Vom Individualtourismus ...
Seit Jahrhunderten weckte das Avers die Neugier von Wissenschaftlern und Reisenden. So verbrachte etwa der niederländische Maler Jan Hackaert im Sommer 1655 einige Tage im Tal. Er fand beim Pfarrer in Cresta Unterschlupf. Bereits damals gab es eine Herberge, wo die Fremden unterkommen konnten.
Als im 19. Jahrhundert immer mehr Bergsteiger, Floraliebhaberinnen und Teilnehmende von wissenschaftlichen Exkursionen ins Tal kamen und allgemein der Tourismus zu einem wirtschaftlich interessanten Erwerbszweig wurde, musste eine angemessene touristische Infrastruktur her. Am Anfang waren es Avner Auswanderer, die die ersten Hotels bauten. Etwa der nach Nizza ausgewanderte Peter Salis, der jeden Sommer in seiner alten Heimat verbrachte und 1895/96 das Kurhaus in Cresta hochziehen liess.
Ein eigentlicher Wintertourismus kam ab den 1920er Jahren auf. Damals fanden zunehmend Tourenskifahrerinnen und -fahrer ihren Weg ins Tal – und von dort etwa auf das Grosshorn oder den Stallerberg. Ab den 1960er Jahren wären diese Tourenziele für die mit Fellen und Laufbindungen ausgestatteten Touristinnen und Touristen aber verbaut gewesen – wenn das damals geplante Grossprojekt realisiert worden wäre.
... zum (geplanten) Massentourismus
1963 hatte eine Genfer Gesellschaft ein Feriendorf mit 10'000 Gästebetten, 16 Liften, 4 Bahnen und 1 Helikopterlandeplatz geplant. Sie nannten es «Sportzentrum Cresta-Juf». Der tollkühne Plan für den Bau eines Resorts, wie man das heute nennt, hätte im Kanton Graubünden jeden Massstab gesprengt.
Das Projekt war beispielhaft für den damaligen Zeitgeist. Nach dem Zweiten Weltkrieg und dem wirtschaftlichen Aufschwung hatten Menschen in den Städten Geld und Zeit für Ferien in den Alpen.

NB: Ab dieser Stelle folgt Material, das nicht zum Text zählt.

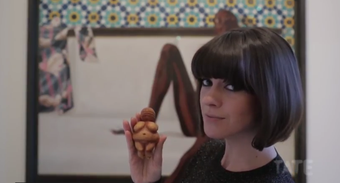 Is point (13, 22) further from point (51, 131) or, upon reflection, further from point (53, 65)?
point (51, 131)

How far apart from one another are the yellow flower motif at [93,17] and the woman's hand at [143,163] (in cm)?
37

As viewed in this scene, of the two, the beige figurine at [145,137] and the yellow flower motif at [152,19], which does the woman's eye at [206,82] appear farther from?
the yellow flower motif at [152,19]

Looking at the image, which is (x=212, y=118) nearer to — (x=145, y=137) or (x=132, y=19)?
(x=145, y=137)

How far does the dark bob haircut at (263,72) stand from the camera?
1.32 ft

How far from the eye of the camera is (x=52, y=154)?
79cm

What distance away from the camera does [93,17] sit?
0.79 m

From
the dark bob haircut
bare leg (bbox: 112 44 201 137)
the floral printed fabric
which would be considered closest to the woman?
the dark bob haircut

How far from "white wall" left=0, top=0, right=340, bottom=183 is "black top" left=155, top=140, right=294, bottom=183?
337 millimetres

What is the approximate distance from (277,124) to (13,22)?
66 cm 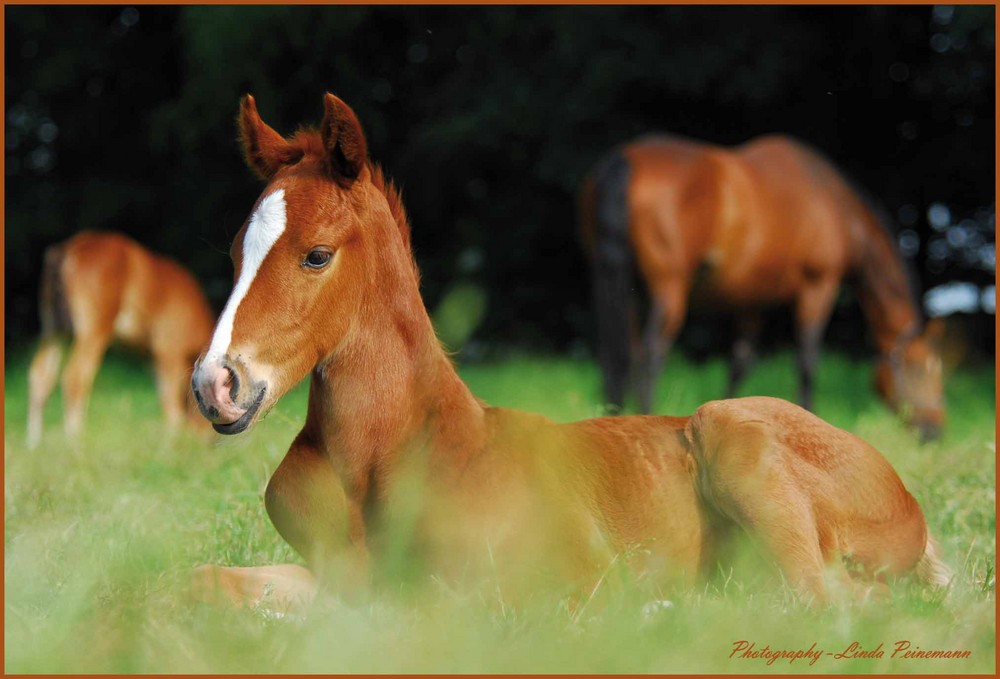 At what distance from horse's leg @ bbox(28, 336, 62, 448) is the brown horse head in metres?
6.70

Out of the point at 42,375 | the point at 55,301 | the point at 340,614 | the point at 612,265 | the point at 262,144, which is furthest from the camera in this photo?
the point at 55,301

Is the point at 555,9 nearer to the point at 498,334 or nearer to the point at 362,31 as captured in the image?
the point at 362,31

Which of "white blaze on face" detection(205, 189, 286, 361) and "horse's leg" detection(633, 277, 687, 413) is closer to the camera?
"white blaze on face" detection(205, 189, 286, 361)

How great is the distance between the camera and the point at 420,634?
2496mm

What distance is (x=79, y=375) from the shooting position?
28.5 feet

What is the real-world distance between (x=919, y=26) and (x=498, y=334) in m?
6.06

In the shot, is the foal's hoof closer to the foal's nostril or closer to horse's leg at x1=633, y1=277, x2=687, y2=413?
the foal's nostril

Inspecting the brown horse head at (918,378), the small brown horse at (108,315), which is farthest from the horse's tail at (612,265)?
the small brown horse at (108,315)

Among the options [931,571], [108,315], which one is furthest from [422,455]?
[108,315]

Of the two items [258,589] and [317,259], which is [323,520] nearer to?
[258,589]

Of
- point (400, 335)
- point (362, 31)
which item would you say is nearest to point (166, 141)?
point (362, 31)

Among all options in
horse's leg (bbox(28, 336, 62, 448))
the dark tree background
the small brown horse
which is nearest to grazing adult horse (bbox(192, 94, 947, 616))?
the small brown horse

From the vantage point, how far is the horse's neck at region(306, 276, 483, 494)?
290 centimetres

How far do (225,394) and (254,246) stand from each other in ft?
1.34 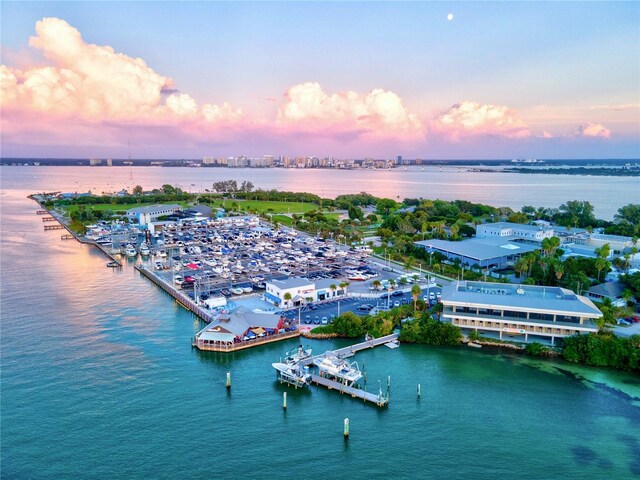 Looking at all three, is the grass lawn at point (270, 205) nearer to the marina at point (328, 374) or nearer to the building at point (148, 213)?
the building at point (148, 213)

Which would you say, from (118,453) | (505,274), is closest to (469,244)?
(505,274)

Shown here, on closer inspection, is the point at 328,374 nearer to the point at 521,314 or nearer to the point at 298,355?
the point at 298,355

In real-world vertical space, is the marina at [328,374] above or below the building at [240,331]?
below

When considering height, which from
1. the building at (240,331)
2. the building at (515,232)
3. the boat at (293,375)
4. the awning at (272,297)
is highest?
Answer: the building at (515,232)

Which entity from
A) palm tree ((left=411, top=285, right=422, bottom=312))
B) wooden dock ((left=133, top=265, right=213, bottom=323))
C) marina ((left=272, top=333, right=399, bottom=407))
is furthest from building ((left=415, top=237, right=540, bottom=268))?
wooden dock ((left=133, top=265, right=213, bottom=323))

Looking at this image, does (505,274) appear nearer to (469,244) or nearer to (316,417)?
(469,244)

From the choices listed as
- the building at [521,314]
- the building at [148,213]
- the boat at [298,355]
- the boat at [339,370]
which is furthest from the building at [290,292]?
the building at [148,213] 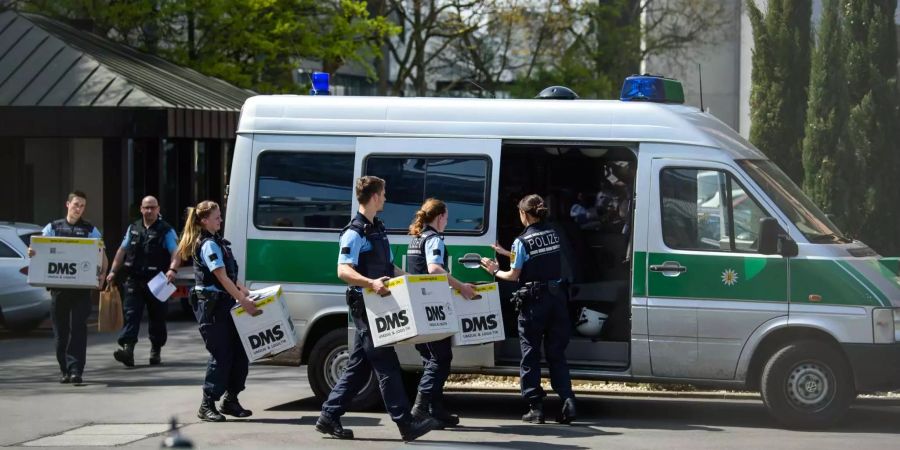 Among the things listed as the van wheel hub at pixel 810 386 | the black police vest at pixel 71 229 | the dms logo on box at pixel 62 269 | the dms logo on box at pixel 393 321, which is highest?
the black police vest at pixel 71 229

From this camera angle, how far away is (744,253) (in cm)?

In Frankreich machten Architekten vor, wie eine grosse Menge an Touristinnen und Touristen auf wenig Raum und kostengünstig untergebracht werden konnten. Retortenstädte wie Avoriaz sind berühmt-berüchtigt geworden.
Zankapfel Zonenplan
Die Bevölkerung im Avers reagierte zwiespältig auf die hochfliegenden Pläne. Einige erhofften sich mehr Arbeitsplätze, andere wie ein Hotelier in Cresta fürchtete die Konkurrenz. Als eigentlicher Zankapfel entpuppte sich aber der Zonenplan und die Bauordnung – die lange auf sich warten liessen. Ein Teil der Bevölkerung empfand die Aufwertung bestimmter Gebiete zu Bauzonen als ungerecht. Die einen hätten profitiert, die anderen nicht. Schliesslich blieb das Vorhaben Makulatur: Mangelnde Finanzen und Interessenkonflikte zwischen den Bauherren und der Bevölkerung führten 1978 nach fünfzehnjähriger Planungszeit zu seiner Beerdigung.